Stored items
···
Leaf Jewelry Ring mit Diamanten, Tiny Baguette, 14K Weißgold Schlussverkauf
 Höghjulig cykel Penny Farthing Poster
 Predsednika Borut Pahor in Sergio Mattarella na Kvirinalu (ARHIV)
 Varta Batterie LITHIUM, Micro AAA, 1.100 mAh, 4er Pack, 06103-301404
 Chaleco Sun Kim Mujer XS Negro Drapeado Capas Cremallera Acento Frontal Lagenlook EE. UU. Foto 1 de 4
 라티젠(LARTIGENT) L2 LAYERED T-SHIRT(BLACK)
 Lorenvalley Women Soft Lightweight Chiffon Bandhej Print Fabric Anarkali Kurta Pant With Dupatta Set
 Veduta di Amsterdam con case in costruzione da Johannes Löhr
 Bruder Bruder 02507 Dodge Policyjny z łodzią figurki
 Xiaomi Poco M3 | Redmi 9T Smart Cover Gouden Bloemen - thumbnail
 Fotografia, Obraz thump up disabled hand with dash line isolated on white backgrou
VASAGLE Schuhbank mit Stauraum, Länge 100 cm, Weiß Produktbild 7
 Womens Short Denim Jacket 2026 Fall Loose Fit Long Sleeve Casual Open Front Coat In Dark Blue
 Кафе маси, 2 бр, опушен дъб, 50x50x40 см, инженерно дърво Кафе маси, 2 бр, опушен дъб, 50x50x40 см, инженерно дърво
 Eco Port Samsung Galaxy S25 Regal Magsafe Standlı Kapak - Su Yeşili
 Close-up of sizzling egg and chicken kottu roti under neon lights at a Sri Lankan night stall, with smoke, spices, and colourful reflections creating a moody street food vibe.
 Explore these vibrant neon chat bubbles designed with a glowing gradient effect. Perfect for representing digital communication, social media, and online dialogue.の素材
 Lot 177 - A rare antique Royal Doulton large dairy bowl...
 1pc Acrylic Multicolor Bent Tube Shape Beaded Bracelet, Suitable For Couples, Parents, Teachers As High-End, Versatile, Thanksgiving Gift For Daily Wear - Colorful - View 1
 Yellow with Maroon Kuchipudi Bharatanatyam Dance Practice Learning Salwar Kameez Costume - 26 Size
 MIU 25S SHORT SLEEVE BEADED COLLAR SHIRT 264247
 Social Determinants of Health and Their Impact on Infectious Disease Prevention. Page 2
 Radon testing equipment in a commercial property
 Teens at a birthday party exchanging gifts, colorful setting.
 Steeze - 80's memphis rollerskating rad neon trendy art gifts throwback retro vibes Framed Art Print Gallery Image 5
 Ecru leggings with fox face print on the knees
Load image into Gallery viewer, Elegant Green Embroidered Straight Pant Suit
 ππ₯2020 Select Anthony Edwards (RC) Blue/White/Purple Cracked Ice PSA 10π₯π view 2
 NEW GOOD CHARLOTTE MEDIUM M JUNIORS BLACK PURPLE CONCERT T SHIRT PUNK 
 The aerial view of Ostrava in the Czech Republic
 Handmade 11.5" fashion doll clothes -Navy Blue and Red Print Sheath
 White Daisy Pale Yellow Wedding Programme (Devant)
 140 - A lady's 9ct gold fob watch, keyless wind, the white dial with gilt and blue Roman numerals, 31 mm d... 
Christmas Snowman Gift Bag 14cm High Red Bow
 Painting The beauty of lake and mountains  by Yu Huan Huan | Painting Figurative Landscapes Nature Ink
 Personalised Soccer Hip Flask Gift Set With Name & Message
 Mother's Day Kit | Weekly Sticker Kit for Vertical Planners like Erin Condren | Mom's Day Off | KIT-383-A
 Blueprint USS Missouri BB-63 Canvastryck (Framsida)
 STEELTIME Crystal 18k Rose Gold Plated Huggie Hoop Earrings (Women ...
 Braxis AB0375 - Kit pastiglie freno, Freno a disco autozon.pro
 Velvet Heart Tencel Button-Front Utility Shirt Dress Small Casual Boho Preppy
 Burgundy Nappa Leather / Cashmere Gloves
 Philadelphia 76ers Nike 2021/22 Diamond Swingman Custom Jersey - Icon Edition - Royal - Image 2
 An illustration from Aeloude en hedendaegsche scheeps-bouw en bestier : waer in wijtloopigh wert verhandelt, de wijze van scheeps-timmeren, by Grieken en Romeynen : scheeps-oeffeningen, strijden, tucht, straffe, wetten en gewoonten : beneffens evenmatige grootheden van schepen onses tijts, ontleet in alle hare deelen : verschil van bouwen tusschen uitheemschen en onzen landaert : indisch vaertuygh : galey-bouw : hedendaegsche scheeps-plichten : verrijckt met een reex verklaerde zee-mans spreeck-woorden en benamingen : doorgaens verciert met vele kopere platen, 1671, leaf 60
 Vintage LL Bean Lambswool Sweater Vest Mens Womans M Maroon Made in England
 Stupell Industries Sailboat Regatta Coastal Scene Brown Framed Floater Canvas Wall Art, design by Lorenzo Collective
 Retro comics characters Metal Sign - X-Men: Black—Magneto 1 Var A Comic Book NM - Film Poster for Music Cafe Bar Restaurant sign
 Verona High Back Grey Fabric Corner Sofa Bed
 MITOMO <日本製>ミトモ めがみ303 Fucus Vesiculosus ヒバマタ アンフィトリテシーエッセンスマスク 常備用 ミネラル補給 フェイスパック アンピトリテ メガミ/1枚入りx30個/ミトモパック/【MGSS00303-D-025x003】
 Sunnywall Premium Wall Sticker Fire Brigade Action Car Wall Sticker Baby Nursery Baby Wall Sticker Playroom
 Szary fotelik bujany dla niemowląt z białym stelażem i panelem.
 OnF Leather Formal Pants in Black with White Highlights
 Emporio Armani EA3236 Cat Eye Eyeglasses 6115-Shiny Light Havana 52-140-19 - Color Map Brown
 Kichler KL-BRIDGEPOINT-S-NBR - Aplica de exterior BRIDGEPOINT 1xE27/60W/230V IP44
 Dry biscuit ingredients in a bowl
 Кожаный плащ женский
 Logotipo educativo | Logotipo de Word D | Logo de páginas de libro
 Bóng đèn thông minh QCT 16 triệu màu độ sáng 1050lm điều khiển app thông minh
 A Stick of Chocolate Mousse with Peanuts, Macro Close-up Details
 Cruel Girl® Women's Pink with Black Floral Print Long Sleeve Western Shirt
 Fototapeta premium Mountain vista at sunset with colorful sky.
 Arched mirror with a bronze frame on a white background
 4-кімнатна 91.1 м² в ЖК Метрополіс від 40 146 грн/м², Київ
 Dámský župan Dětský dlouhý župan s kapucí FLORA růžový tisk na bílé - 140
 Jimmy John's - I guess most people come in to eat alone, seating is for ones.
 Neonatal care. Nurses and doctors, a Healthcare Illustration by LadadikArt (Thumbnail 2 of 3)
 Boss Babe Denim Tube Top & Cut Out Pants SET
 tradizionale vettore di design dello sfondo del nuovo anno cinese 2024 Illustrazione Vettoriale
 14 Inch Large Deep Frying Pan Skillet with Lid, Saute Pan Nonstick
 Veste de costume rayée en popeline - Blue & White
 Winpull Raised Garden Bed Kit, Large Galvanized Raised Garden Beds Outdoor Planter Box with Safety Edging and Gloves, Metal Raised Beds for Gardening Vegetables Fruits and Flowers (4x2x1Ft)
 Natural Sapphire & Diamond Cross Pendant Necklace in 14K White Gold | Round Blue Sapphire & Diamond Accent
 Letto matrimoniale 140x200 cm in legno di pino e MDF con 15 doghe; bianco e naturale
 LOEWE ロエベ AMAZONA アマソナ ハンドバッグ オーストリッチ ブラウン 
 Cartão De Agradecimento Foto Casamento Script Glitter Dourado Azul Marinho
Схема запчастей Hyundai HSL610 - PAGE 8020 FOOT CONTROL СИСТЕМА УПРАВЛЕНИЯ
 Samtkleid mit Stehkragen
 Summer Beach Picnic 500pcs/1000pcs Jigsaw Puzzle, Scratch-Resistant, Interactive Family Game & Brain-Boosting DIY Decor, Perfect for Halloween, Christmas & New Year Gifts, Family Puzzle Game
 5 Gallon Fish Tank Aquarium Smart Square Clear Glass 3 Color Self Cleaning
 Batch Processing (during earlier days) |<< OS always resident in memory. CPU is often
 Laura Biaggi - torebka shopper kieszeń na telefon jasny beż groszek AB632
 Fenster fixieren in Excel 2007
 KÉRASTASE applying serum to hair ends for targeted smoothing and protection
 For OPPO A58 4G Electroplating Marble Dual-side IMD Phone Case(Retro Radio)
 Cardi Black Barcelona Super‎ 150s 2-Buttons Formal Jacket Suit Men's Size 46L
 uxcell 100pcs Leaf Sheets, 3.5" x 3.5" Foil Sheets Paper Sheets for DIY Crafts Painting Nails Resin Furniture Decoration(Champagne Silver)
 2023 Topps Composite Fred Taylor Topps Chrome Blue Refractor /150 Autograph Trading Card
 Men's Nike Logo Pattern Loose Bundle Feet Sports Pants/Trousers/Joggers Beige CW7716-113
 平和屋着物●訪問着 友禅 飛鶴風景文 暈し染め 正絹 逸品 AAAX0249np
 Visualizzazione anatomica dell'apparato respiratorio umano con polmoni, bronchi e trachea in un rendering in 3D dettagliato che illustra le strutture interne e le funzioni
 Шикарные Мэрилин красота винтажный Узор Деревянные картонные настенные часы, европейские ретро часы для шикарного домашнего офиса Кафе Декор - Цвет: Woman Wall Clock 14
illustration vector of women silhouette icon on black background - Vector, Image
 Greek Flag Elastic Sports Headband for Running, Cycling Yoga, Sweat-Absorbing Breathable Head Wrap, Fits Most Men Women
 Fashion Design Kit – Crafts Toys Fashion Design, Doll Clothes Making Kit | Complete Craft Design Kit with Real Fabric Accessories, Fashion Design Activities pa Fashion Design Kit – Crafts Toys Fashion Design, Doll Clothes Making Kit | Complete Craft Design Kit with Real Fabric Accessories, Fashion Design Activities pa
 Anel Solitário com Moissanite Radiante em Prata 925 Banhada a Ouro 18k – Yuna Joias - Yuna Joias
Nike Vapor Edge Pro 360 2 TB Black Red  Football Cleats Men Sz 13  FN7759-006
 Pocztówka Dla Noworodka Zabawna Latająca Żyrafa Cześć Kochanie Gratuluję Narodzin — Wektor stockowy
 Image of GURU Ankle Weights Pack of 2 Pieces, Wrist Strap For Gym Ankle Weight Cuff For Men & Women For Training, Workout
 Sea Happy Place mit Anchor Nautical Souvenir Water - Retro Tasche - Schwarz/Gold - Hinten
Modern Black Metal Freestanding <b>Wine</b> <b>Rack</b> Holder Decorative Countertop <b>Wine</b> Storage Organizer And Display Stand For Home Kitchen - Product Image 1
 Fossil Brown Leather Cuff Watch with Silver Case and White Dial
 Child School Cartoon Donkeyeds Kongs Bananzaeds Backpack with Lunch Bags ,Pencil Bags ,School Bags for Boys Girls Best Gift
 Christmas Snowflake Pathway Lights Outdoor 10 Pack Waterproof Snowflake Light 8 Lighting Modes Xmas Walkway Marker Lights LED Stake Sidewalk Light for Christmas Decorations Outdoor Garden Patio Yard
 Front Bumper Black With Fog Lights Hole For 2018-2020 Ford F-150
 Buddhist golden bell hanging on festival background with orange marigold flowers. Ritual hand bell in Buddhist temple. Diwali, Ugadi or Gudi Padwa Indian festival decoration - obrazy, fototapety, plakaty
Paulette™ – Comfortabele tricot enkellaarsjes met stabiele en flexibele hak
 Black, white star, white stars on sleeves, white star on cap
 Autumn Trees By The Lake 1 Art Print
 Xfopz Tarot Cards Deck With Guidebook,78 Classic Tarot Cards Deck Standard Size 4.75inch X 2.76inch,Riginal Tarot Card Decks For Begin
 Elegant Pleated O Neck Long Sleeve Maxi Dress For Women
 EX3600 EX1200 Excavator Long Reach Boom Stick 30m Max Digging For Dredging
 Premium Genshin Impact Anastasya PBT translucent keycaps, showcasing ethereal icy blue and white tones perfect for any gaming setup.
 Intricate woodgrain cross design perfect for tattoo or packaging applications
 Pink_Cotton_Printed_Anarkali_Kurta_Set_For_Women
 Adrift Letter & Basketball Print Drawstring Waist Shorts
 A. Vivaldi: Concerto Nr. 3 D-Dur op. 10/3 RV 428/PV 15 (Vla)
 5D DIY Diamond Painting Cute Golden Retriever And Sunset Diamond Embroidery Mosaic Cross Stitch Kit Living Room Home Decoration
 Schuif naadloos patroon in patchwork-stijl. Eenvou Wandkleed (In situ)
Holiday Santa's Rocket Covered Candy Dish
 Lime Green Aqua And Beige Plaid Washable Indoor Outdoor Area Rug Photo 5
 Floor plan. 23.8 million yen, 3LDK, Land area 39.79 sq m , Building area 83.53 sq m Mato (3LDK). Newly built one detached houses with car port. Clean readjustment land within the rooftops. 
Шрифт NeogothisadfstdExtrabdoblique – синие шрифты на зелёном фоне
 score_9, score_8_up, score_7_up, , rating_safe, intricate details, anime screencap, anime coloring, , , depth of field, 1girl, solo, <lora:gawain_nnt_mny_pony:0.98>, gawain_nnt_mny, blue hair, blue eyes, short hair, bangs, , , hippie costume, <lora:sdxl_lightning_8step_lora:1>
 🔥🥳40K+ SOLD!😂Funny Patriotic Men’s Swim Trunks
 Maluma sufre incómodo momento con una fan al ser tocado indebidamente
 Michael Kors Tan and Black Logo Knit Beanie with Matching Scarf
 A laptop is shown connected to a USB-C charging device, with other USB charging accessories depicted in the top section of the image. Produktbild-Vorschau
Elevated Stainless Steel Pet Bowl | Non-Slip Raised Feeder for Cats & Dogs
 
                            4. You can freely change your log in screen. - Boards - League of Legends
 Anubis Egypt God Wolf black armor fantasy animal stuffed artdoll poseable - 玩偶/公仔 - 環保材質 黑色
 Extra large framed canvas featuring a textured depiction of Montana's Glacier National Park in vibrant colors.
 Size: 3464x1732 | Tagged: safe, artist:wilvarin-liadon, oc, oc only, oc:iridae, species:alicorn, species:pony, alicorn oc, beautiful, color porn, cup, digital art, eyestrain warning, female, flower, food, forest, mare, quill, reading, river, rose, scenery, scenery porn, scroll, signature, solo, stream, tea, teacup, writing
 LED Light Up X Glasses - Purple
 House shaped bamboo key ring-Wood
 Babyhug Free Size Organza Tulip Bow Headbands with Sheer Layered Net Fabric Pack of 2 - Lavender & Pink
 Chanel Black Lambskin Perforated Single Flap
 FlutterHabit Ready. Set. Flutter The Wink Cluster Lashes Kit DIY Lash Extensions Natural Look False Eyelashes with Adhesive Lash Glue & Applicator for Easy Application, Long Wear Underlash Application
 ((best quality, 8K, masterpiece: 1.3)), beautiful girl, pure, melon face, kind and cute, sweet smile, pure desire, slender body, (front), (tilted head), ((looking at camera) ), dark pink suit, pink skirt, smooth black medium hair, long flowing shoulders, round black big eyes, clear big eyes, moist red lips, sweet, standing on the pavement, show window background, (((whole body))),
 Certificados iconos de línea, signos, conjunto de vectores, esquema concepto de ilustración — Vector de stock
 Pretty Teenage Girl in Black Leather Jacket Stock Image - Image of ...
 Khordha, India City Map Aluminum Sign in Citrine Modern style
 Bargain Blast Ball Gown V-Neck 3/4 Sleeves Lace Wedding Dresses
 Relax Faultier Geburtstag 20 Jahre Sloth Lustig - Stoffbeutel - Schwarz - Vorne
···
## Assignment
Out of the data above, set down the lines from the one with "Velvet Heart Tencel" to the one with "Philadelphia 76ers Nike", both included, exactly as written and with no additions.

## Response for this exercise
 Velvet Heart Tencel Button-Front Utility Shirt Dress Small Casual Boho Preppy
 Burgundy Nappa Leather / Cashmere Gloves
 Philadelphia 76ers Nike 2021/22 Diamond Swingman Custom Jersey - Icon Edition - Royal - Image 2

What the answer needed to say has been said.